What other advice do I have?
Overall, I would rate it nine out of ten.
Stable, easy to set up, and useful
What is our primary use case?
I mainly use it for machine learning and AI. It's for a large language model, like LLaMA.
How has it helped my organization?
Hugging Face has helped me in many ways. For example, I can check the leading board and see which model gives the best performance. Another thing I can do is use an exact Q code to deploy and test the model. It has a lot of articles and papers where I can find out what I need.
What is most valuable?
What I find the most valuable about Hugging Face is that I can check all the models on it and see which ones have the best performance without using another platform.
What needs improvement?
The area that needs improvement would be the organization of the materials. It could be clearer and more systematic. It would be good if the layout was clear and we could search the models easily.
For how long have I used the solution?
I've been using Hugging Face for a little over a year.
What do I think about the stability of the solution?
When it comes to stability, I would give it a nine out of ten.
What do I think about the scalability of the solution?

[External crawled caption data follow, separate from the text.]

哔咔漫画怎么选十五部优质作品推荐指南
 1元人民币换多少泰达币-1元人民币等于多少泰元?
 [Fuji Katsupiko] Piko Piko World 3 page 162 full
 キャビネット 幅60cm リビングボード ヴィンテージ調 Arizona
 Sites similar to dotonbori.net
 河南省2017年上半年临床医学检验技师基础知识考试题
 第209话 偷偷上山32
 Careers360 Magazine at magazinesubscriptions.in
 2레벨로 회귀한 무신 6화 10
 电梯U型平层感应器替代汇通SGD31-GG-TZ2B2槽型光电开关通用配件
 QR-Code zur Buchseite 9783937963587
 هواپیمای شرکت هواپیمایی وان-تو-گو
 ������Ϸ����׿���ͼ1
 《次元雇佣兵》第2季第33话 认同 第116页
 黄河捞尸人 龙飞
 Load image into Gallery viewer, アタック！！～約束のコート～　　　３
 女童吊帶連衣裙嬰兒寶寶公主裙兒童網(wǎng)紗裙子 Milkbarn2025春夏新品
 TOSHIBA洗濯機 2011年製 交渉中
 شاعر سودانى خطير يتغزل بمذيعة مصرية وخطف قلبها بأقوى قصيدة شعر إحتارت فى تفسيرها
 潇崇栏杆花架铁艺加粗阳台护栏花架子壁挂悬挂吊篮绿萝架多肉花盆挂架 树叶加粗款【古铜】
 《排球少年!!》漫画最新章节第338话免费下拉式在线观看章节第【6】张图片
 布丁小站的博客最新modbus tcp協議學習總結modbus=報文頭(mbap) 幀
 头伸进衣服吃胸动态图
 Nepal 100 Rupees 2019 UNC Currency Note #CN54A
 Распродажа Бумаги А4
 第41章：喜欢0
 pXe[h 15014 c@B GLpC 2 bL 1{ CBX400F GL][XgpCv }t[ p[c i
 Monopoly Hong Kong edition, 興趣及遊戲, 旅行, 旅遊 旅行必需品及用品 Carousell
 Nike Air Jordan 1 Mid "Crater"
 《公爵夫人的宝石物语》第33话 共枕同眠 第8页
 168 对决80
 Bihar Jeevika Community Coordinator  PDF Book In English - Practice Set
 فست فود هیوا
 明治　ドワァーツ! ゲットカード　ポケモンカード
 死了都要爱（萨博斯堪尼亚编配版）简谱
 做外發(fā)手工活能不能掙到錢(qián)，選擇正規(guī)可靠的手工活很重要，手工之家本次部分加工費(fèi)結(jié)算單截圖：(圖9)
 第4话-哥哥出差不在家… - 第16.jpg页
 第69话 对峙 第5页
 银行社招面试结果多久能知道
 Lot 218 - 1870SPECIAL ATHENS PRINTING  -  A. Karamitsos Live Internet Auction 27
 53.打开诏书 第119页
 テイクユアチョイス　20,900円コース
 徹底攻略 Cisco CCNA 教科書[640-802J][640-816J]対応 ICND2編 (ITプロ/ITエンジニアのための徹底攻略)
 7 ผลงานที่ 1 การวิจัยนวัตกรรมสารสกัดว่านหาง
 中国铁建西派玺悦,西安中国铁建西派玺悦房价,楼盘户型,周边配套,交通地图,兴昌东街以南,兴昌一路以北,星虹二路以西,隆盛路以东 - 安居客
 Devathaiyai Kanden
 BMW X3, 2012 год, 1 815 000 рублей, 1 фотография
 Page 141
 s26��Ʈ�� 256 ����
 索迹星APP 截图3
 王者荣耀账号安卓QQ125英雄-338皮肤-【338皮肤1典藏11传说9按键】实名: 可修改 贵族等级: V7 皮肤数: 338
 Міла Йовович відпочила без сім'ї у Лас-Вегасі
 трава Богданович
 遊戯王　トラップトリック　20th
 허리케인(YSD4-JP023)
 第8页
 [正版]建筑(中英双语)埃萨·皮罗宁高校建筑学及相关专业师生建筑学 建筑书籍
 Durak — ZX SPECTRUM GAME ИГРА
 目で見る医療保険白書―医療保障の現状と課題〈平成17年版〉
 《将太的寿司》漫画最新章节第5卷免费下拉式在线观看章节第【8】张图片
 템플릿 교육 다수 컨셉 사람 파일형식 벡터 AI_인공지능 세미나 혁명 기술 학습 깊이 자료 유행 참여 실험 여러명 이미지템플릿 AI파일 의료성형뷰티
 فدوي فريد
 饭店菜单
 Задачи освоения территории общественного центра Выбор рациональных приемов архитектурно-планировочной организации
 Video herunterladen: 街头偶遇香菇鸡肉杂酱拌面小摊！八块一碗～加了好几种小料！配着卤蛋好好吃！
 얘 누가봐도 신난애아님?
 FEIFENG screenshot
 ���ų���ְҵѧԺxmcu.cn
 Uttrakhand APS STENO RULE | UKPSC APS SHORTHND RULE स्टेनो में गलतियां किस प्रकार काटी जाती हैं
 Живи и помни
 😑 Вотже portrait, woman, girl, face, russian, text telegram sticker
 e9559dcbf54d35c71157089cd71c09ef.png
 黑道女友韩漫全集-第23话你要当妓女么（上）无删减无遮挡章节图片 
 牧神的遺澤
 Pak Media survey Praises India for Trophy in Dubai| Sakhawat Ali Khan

It's a scalable solution. I would rate the scalability an eight out of ten. Approximately ten to twenty people use Hugging Face at our company. I try to use the solution as much as possible.
Which solution did I use previously and why did I switch?
I have previously used GitHub for codes and models. I still use it from time to time when I want to double-check something, but I use Hugging Face regularly.
How was the initial setup?
The ease of the initial setup is a nine out of ten. It only takes about ten minutes if you follow the instructions you find on Google.
What other advice do I have?
Hugging Face is the main hub for large language models and AIs. I would recommend it to anyone who's considering using it. Overall, I rate it a nine out of ten.